Therapy and other specialists

Rehabilitation Specialists

Rehabilitation Specialists monitor medical issues following the injury. They usually follow the individual through hospital and then follow them up through outpatient clinic appointments. They are able to provide legal reports.


Nurses work closely with the individual in hospital. They get to know the individual very well and often express individual concerns to the rest of the Team. Nurses work to maintain the wellbeing of the individual in the hospital setting. Community nurses generally have specific tasks. For example, changing dressings and giving injections. They liaise with the local doctor.


Physiotherapists work with the individual to maximise physical functioning and maintain joint integrity and muscle length. The individual usually spends time working with the physiotherapist in the gymnasium, at home and in the community. Physiotherapists may be involved in the rehabilitation process when the individual is in hospital and in the community.

Social Workers

Social Workers also work with the individual's family and help them to adjust to the individual's injury. They can be involved in legal and financial issues as well as injury claims and insurance. Social workers work with individuals and their families on a range of issues in the hospital and after discharge. They offer support and counselling to adjust to the many changes that can often arise from having had a brain injury. Social workers liaise with community services, government departments and other organisations such as insurance companies and solicitors to ensure the individual is informed of what is going on and their rights are protected.

Occupational Therapists

Occupational Therapists work with the individual to get them back to doing everyday activities. Occupational therapists look at what the individual was doing prior to their injury and what they will need to do when they leave hospital. The occupational therapist then works with the individual on regaining competence in these activities. It may be necessary for the individual to use adaptive equipment or make modifications to the home or work place to maximise the individual's independence. The occupational therapist will prescribe this equipment or environmental change. The occupational therapist will work with the individual in the hospital, home, community, workplace, school or educational institution and leisure environments.

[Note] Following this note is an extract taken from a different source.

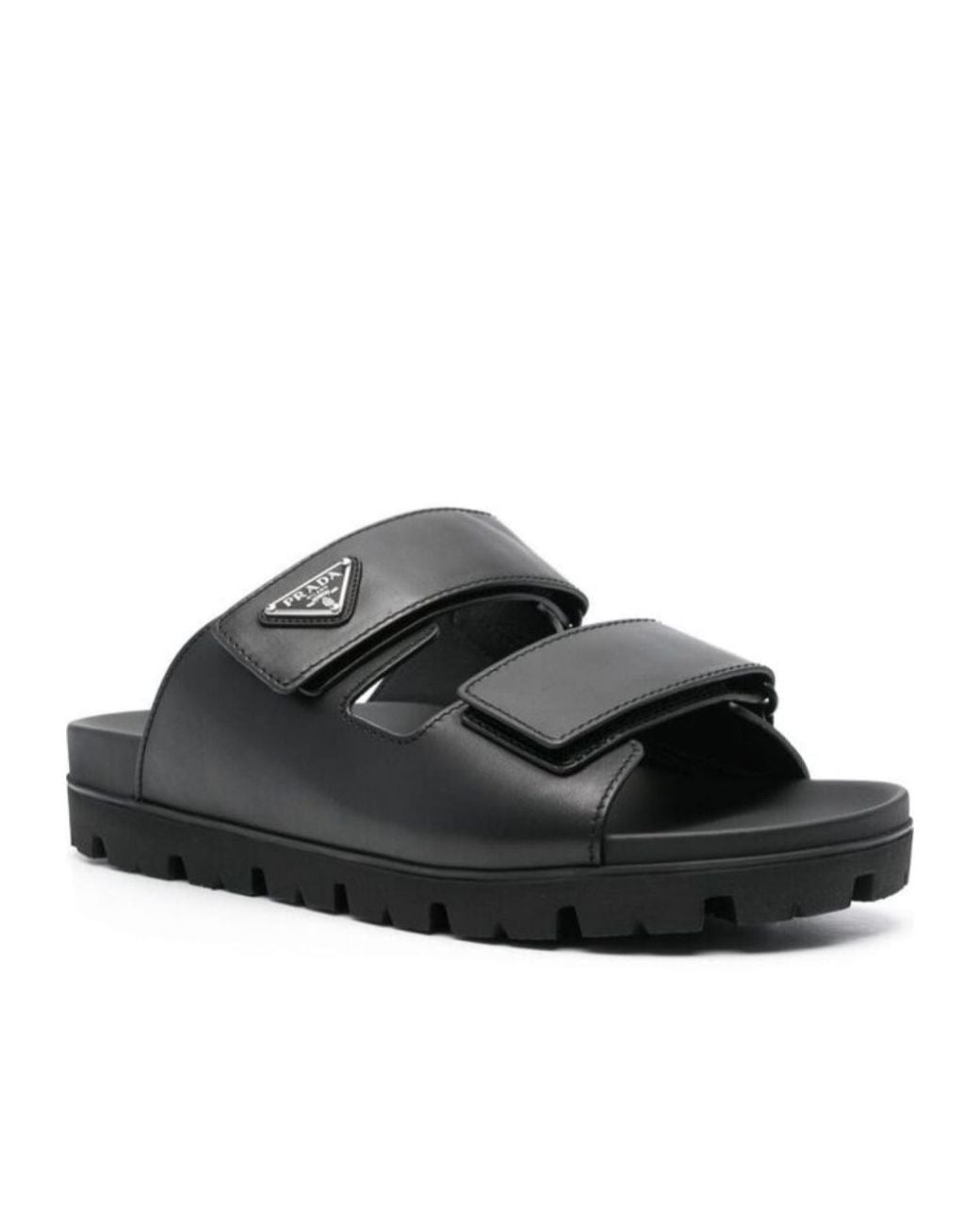 Prada Black Enamel-Triangle Slip-On Sandals for men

Neuropsychologists use a number of tests to identify where the individual is having difficulty with their brain function. Areas neuropsychologists examine include attention, memory, speed of information processing, flexibility in thinking, manipulation of information, abstract thinking and general knowledge. This information is fed back to the Team and provides information regarding the extent and severity of the injury and areas where these difficulties may affect daily functioning.

Clinical Psychologists

Clinical Psychologists work with the individual on specific areas that limit their ability to get on with everyday life. This may include counselling, developing behaviour management and support programs where the clinical psychologist works with the individual on specific areas of their behaviour. Different areas may be stress management, sleep disturbances, anxiety, depression and anger management.

Recreation Officers

Recreation Officers work with the individual to identify leisure and recreation options the individual can do in both their home and community. The recreation officer liaises with educational institutions and community facilities to find activities that are meaningful to the individual and meet their individual needs.

Speech pathologists

Speech pathologists initially work in hospitals to recommend advice on eating, including swallowing and appropriate food consistencies. As recovery occurs they work with the individual on areas of language, expressing themselves, understanding information they are receiving and social skills. Speech pathologists also work with the individual beyond the hospital in the community, in individual and group situations.